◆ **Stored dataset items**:
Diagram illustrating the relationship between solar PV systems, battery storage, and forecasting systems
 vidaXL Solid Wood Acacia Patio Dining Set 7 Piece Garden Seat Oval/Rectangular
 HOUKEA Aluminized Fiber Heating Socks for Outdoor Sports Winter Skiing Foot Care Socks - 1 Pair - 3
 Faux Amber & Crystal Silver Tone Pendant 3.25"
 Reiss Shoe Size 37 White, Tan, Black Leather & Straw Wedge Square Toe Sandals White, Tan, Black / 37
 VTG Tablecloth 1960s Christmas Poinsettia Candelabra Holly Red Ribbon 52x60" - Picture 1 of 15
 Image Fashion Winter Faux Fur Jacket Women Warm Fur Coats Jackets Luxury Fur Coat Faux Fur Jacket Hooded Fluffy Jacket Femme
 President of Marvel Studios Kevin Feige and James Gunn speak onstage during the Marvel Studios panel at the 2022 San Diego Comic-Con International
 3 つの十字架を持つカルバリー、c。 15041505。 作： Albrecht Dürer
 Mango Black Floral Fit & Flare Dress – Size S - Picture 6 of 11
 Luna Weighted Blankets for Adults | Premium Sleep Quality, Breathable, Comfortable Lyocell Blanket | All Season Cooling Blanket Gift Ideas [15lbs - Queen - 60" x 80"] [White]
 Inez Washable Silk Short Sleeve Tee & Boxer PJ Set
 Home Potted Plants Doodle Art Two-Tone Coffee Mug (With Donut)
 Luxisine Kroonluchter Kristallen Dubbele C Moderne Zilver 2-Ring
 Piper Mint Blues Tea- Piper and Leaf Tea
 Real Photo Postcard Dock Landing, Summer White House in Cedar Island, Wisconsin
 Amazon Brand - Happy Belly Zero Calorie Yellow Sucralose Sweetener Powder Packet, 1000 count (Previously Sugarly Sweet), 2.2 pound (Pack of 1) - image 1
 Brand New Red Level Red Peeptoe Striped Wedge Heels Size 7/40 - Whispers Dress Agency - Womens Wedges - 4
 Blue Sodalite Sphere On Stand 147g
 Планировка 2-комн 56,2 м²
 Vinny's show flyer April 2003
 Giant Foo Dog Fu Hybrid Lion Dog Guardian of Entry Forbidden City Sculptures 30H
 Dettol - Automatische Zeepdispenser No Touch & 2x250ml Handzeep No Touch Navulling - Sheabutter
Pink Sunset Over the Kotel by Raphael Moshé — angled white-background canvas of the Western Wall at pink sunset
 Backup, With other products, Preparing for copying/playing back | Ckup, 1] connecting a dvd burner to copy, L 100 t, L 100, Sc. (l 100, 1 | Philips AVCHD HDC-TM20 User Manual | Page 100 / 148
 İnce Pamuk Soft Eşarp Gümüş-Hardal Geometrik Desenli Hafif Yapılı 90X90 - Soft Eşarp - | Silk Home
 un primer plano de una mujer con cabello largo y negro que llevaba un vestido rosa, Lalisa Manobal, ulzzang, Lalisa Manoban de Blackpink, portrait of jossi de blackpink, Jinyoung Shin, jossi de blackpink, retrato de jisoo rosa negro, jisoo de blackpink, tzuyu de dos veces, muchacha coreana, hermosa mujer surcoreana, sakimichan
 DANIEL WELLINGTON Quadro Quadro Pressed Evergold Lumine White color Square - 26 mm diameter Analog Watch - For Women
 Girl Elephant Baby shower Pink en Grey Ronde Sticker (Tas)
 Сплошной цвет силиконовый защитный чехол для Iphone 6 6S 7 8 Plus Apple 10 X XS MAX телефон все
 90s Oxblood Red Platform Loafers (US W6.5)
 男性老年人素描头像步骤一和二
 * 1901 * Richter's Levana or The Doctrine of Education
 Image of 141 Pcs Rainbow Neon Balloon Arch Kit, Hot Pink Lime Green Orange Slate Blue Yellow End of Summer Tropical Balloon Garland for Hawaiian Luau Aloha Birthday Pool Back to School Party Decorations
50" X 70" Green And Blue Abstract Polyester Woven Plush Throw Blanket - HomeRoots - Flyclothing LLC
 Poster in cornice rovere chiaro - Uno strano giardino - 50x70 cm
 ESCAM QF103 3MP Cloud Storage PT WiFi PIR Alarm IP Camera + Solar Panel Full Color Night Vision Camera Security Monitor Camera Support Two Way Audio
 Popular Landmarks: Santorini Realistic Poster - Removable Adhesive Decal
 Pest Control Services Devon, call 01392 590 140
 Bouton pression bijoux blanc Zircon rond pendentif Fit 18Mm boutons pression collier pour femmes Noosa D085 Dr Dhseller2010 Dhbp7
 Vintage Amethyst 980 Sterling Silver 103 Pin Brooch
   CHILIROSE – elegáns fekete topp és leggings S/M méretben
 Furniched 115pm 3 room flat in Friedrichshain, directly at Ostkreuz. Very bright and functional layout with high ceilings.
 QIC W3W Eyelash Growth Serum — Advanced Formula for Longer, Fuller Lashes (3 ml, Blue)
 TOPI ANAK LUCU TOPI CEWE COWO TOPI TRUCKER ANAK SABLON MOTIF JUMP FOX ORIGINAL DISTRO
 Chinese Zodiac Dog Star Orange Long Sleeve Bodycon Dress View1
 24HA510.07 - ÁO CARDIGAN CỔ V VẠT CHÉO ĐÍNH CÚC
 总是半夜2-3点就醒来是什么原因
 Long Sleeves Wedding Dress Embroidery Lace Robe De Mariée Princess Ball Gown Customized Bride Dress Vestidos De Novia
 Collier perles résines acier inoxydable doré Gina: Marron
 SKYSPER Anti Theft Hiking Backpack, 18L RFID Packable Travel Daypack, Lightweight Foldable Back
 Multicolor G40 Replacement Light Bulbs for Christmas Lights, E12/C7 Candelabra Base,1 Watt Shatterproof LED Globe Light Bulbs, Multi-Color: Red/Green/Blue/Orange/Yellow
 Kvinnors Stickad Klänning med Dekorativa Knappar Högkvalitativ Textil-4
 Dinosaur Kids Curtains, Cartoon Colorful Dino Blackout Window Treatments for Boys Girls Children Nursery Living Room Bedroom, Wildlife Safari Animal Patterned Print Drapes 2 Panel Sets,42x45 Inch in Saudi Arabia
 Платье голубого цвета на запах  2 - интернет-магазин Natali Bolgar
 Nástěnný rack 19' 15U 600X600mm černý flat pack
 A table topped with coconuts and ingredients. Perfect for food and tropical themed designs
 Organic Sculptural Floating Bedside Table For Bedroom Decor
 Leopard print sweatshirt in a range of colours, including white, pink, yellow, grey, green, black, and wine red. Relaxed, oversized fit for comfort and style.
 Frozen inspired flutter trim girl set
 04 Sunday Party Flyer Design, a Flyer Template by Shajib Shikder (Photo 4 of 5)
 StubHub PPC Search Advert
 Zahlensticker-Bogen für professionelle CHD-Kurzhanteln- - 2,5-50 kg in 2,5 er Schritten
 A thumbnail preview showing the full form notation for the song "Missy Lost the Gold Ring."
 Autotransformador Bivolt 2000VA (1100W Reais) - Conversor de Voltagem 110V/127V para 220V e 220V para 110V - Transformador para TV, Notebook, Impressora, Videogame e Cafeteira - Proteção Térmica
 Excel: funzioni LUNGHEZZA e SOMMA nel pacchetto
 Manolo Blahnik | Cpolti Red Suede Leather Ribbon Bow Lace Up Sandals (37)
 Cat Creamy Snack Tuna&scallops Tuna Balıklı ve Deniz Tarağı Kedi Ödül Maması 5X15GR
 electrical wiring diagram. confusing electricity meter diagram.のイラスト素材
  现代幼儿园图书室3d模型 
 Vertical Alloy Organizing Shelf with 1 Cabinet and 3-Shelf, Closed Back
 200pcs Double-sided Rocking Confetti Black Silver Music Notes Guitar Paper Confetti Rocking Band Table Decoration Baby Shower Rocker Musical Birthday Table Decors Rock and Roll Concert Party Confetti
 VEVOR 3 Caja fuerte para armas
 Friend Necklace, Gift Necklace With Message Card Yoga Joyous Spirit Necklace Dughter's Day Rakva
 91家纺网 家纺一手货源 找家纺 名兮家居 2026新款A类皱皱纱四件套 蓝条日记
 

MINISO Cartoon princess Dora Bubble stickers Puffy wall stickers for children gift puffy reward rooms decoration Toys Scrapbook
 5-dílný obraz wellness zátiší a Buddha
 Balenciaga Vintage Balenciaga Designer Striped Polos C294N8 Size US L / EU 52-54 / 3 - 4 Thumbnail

◆ **The problem**:
Keeping every character as it is, restate the lines above that run from the line with "Girl Elephant Baby" through the line with "Poster in cornice", both included, and nothing else.

◆ **Completed task**:
 Girl Elephant Baby shower Pink en Grey Ronde Sticker (Tas)
 Сплошной цвет силиконовый защитный чехол для Iphone 6 6S 7 8 Plus Apple 10 X XS MAX телефон все
 90s Oxblood Red Platform Loafers (US W6.5)
 男性老年人素描头像步骤一和二
 * 1901 * Richter's Levana or The Doctrine of Education
 Image of 141 Pcs Rainbow Neon Balloon Arch Kit, Hot Pink Lime Green Orange Slate Blue Yellow End of Summer Tropical Balloon Garland for Hawaiian Luau Aloha Birthday Pool Back to School Party Decorations
50" X 70" Green And Blue Abstract Polyester Woven Plush Throw Blanket - HomeRoots - Flyclothing LLC
 Poster in cornice rovere chiaro - Uno strano giardino - 50x70 cm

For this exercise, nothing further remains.